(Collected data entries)
**********

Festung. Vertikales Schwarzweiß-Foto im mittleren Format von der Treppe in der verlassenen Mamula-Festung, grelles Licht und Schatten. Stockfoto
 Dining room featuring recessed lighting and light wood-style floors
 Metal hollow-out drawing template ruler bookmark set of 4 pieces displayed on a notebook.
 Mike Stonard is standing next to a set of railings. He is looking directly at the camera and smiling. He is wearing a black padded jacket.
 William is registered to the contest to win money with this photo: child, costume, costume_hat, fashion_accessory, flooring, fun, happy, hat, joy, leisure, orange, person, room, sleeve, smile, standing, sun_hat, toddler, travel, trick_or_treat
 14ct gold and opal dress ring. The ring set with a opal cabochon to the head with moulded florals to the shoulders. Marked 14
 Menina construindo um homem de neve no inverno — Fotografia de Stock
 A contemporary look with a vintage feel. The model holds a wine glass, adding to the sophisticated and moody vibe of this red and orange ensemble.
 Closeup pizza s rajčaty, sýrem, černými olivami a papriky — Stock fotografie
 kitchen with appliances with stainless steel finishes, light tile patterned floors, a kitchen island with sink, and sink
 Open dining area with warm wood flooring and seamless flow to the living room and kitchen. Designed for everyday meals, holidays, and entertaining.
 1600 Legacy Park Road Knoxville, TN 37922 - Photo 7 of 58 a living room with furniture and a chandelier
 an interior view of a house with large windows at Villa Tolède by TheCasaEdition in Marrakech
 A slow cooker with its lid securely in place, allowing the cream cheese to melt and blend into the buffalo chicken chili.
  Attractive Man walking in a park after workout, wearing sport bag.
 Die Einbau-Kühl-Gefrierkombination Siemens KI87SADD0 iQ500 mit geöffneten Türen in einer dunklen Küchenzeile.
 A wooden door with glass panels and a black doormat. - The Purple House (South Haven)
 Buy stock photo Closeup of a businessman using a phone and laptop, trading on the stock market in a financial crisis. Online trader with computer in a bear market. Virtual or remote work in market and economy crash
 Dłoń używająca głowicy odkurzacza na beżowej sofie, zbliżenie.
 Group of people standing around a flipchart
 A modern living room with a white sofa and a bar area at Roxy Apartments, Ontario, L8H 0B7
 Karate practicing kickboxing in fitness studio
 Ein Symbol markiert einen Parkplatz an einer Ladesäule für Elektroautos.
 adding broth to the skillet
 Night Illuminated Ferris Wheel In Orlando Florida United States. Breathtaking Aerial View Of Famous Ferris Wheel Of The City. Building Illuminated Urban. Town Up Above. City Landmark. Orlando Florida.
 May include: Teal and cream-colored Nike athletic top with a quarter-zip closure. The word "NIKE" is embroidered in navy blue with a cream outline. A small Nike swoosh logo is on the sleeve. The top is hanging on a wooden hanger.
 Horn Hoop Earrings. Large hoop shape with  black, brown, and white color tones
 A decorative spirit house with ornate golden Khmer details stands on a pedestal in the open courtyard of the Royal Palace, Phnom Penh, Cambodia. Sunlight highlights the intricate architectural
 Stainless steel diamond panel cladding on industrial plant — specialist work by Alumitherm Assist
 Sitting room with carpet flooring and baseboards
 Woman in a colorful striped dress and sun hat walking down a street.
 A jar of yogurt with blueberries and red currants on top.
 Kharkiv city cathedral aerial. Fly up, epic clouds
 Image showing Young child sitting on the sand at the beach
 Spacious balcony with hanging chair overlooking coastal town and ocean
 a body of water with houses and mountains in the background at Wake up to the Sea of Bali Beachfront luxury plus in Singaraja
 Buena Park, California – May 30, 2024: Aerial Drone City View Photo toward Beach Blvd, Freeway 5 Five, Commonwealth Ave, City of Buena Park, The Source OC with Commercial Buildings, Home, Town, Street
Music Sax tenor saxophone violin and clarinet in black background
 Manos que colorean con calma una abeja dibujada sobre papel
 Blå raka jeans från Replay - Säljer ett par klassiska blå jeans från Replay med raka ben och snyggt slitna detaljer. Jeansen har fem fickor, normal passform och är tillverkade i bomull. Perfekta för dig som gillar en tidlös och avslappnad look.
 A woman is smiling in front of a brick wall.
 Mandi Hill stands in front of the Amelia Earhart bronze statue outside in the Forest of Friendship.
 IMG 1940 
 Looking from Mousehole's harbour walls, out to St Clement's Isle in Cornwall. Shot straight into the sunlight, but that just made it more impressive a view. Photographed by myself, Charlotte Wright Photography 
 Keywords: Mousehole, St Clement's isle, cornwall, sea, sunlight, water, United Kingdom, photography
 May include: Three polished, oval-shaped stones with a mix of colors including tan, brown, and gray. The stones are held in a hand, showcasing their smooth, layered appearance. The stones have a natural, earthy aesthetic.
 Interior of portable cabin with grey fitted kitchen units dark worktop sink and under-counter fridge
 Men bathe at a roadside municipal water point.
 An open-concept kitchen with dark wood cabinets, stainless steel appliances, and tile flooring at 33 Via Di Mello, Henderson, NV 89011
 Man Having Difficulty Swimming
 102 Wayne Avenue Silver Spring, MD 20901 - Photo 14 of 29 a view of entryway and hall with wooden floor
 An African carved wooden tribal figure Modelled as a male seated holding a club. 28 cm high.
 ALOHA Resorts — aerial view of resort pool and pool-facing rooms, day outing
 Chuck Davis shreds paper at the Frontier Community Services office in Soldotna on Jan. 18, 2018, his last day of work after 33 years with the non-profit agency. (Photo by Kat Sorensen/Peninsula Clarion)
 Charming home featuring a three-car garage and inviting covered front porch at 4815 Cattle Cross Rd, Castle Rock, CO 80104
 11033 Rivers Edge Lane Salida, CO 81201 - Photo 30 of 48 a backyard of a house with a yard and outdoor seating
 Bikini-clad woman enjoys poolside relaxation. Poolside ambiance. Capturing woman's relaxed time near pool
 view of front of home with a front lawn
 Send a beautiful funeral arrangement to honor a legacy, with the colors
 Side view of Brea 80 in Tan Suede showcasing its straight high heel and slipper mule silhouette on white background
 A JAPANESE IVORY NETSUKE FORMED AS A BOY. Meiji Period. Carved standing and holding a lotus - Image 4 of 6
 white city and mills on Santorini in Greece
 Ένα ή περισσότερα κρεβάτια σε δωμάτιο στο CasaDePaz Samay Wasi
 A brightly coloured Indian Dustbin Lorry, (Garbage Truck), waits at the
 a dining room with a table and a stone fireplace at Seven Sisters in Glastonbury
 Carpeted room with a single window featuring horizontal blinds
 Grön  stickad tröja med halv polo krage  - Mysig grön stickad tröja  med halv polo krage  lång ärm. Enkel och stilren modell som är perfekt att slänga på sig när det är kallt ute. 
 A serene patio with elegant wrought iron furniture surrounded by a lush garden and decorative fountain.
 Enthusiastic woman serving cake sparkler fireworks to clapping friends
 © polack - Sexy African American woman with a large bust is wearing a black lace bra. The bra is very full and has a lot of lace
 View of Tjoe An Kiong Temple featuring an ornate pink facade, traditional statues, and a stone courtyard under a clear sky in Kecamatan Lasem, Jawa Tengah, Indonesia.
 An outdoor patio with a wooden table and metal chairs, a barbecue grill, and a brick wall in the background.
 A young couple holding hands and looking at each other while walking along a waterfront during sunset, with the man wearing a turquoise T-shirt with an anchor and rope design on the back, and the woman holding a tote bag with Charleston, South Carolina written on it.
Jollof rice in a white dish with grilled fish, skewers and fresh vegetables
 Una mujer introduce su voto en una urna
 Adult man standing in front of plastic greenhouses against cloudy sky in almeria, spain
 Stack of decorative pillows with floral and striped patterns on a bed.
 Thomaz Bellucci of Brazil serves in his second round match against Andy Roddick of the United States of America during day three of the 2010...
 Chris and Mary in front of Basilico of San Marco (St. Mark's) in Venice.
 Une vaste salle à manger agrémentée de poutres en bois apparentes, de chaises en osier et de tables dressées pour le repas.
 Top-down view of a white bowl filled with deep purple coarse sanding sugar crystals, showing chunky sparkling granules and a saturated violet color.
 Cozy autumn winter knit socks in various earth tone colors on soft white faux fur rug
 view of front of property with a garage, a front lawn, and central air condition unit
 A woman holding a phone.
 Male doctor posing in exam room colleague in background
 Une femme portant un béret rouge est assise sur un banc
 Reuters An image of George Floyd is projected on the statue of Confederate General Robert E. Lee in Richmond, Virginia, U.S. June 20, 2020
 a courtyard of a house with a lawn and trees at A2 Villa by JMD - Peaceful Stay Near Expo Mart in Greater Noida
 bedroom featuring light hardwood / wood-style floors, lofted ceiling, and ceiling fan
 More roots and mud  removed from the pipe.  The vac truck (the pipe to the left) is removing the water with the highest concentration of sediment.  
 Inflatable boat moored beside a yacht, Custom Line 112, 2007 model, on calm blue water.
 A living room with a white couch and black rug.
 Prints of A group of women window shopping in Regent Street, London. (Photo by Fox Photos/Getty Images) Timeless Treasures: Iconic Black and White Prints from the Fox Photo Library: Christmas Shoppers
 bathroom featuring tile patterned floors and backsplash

**********

Exercise aim
Each line above from the one with "a dining room" up to and including the one with "Enthusiastic woman serving" must be set down exactly, and no line outside that span may appear.

Your solution
 a dining room with a table and a stone fireplace at Seven Sisters in Glastonbury
 Carpeted room with a single window featuring horizontal blinds
 Grön  stickad tröja med halv polo krage  - Mysig grön stickad tröja  med halv polo krage  lång ärm. Enkel och stilren modell som är perfekt att slänga på sig när det är kallt ute. 
 A serene patio with elegant wrought iron furniture surrounded by a lush garden and decorative fountain.
 Enthusiastic woman serving cake sparkler fireworks to clapping friends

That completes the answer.